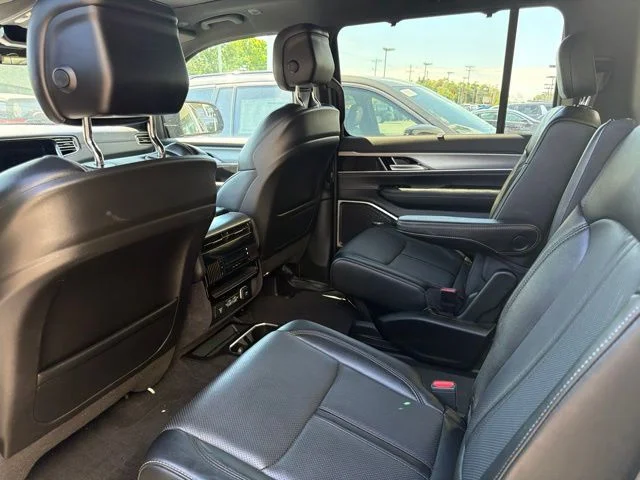 Used 2024 Silver Jeep Series II image 7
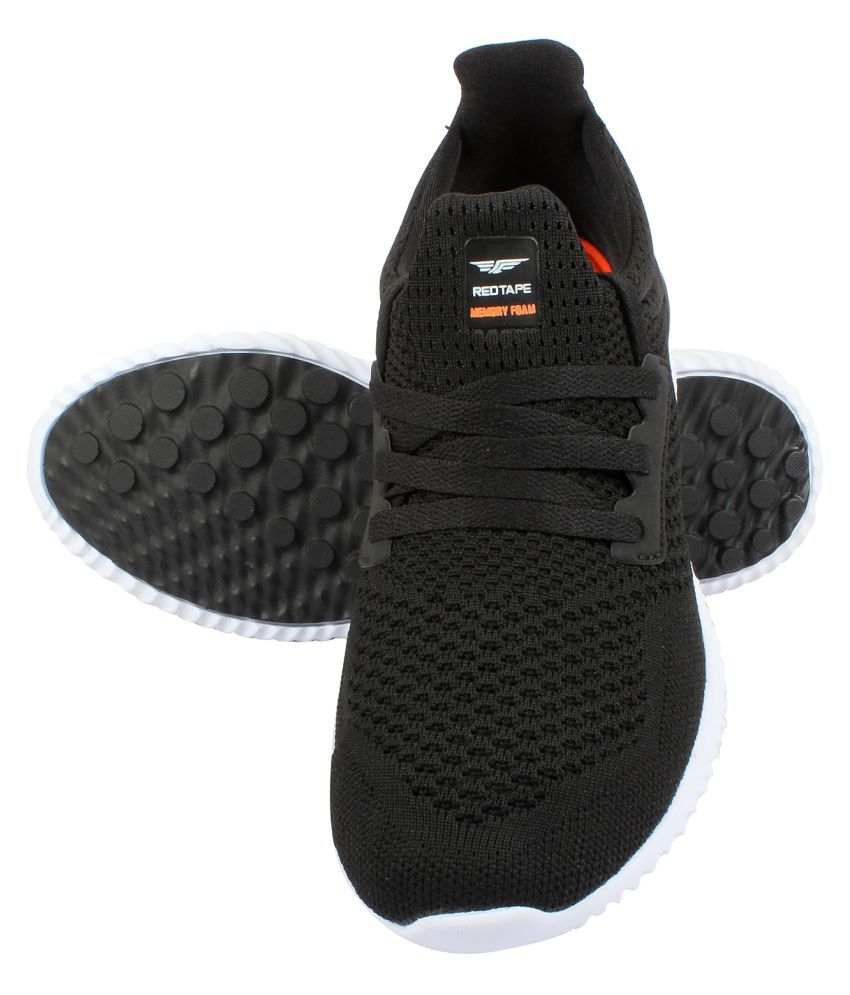 red tape black sports shoes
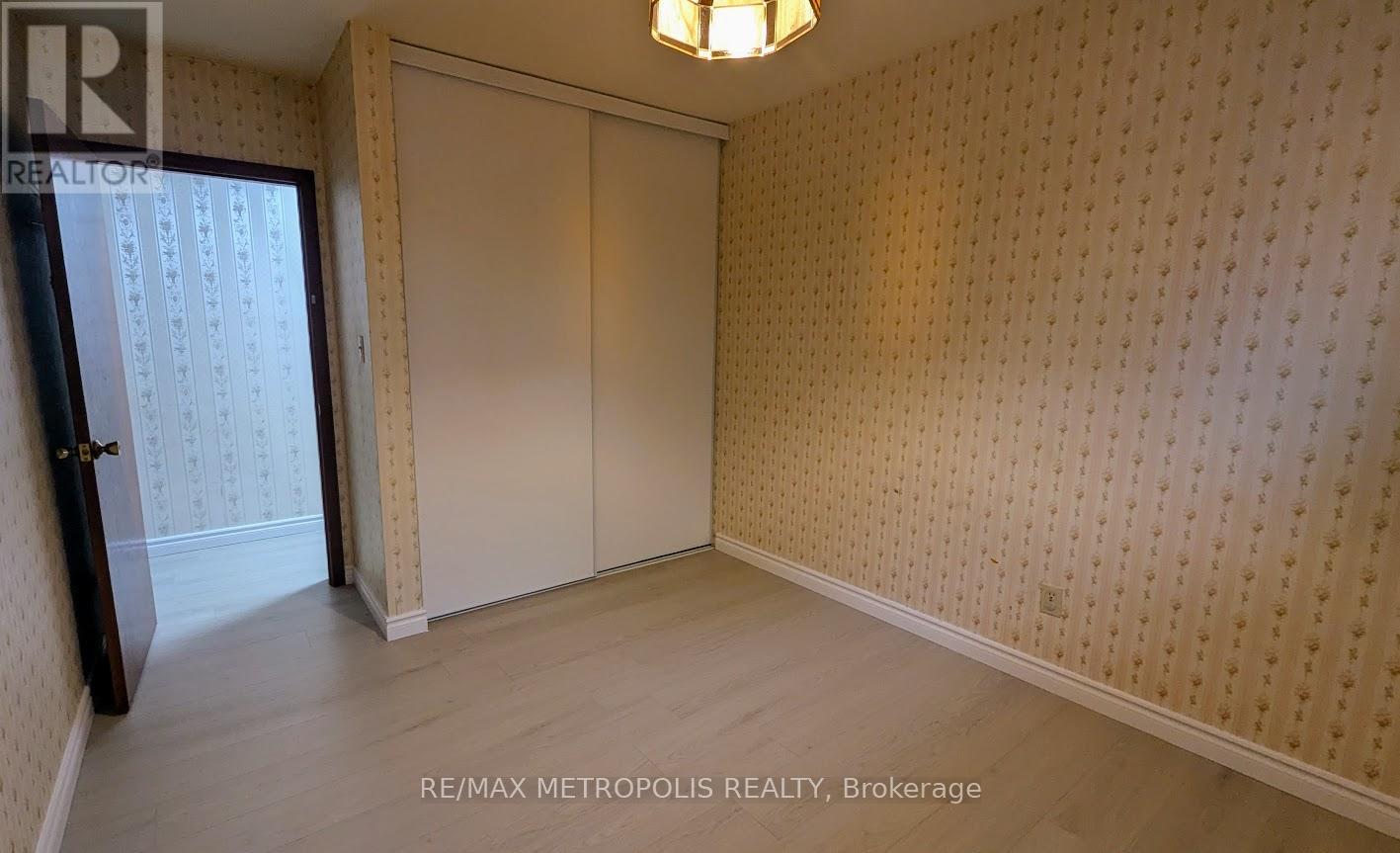 83 Longwood Drive, Waterloo, Ontario  N2L 4B6 - Photo 36 - X12476456
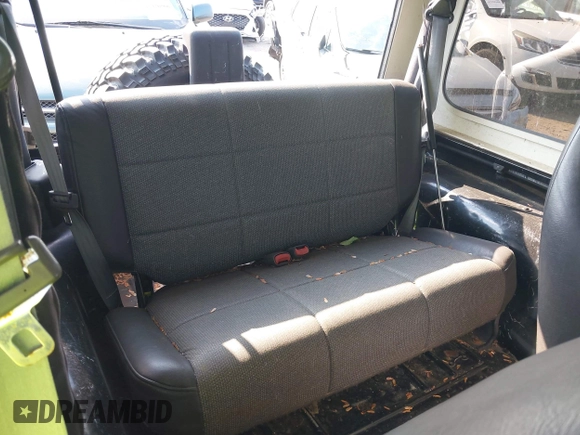2000 Jeep Wrangler SE with VIN 1J4FA29P6YP791344, listed as a IAAI auction lot 42427688 with 184,549 mi miles and . Bid and sale history available at DreamBid. Image 8.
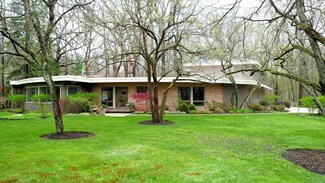 333 Juneberry Rd, Riverwoods, IL 60015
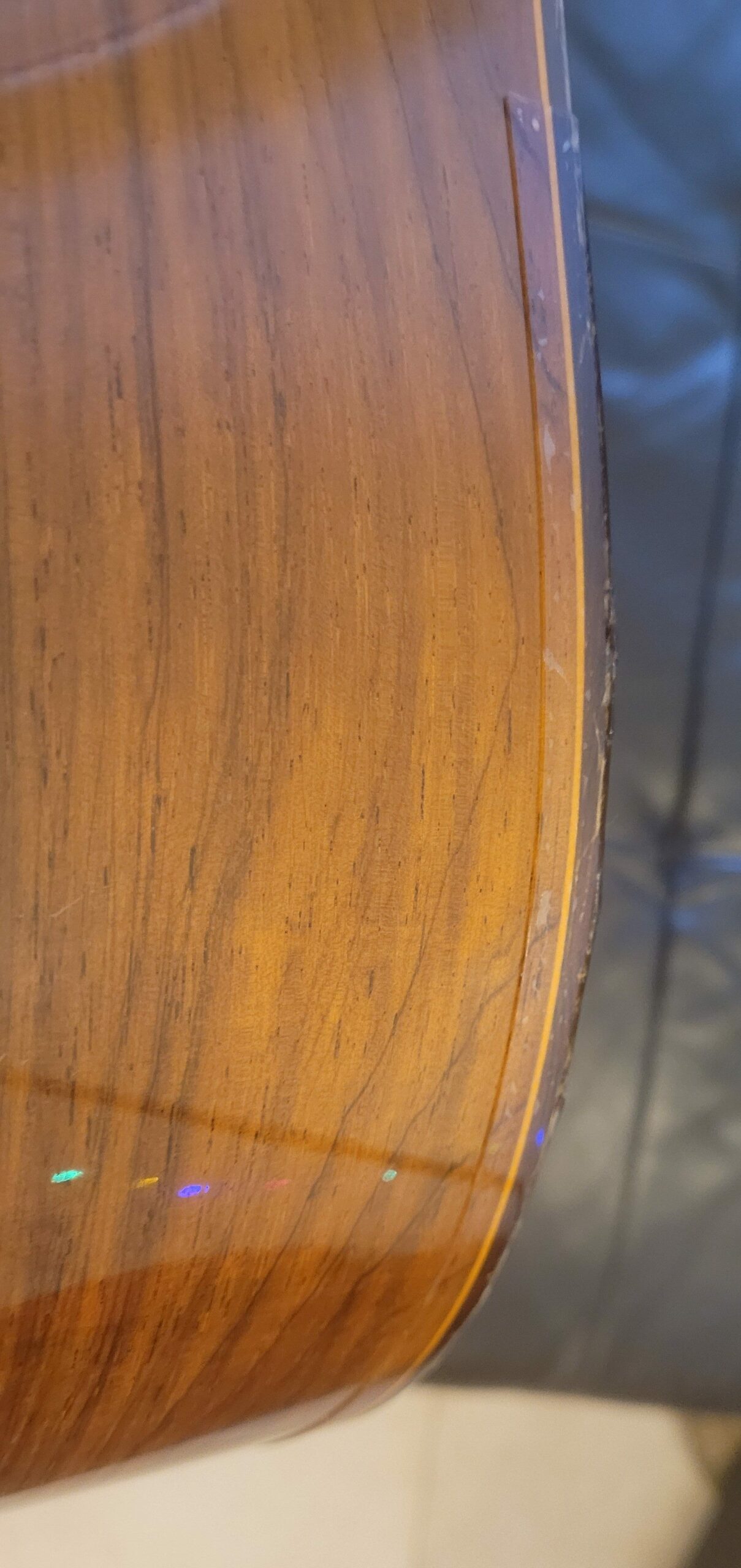 קלאסית מודבקת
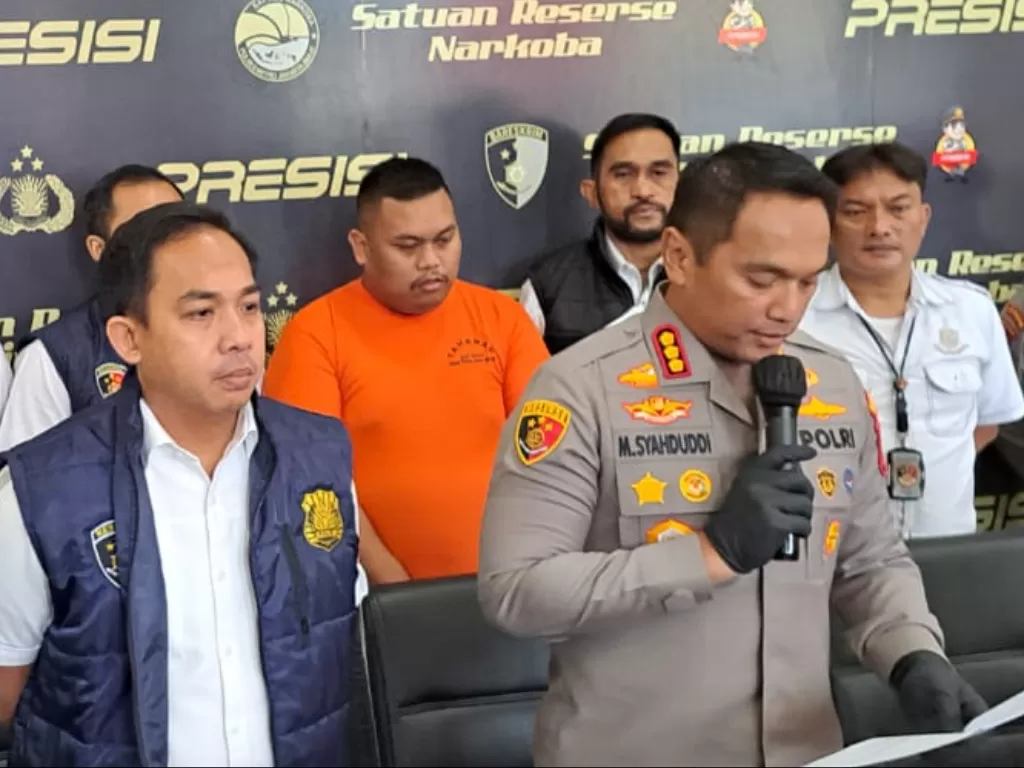 Konferensi pers kasus penipuan Ajudan Pribadi di Mapolres Metro Jakarta Barat (INDOZONE/Samsudhuha Wildansyah).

§ §

→ Work task
The answer is the complete set of records, copied exactly, with pictures omitted.

→ Exercise answer
 Used 2024 Silver Jeep Series II image 7
 red tape black sports shoes
 83 Longwood Drive, Waterloo, Ontario  N2L 4B6 - Photo 36 - X12476456
2000 Jeep Wrangler SE with VIN 1J4FA29P6YP791344, listed as a IAAI auction lot 42427688 with 184,549 mi miles and . Bid and sale history available at DreamBid. Image 8.
 333 Juneberry Rd, Riverwoods, IL 60015
 קלאסית מודבקת
 Konferensi pers kasus penipuan Ajudan Pribadi di Mapolres Metro Jakarta Barat (INDOZONE/Samsudhuha Wildansyah).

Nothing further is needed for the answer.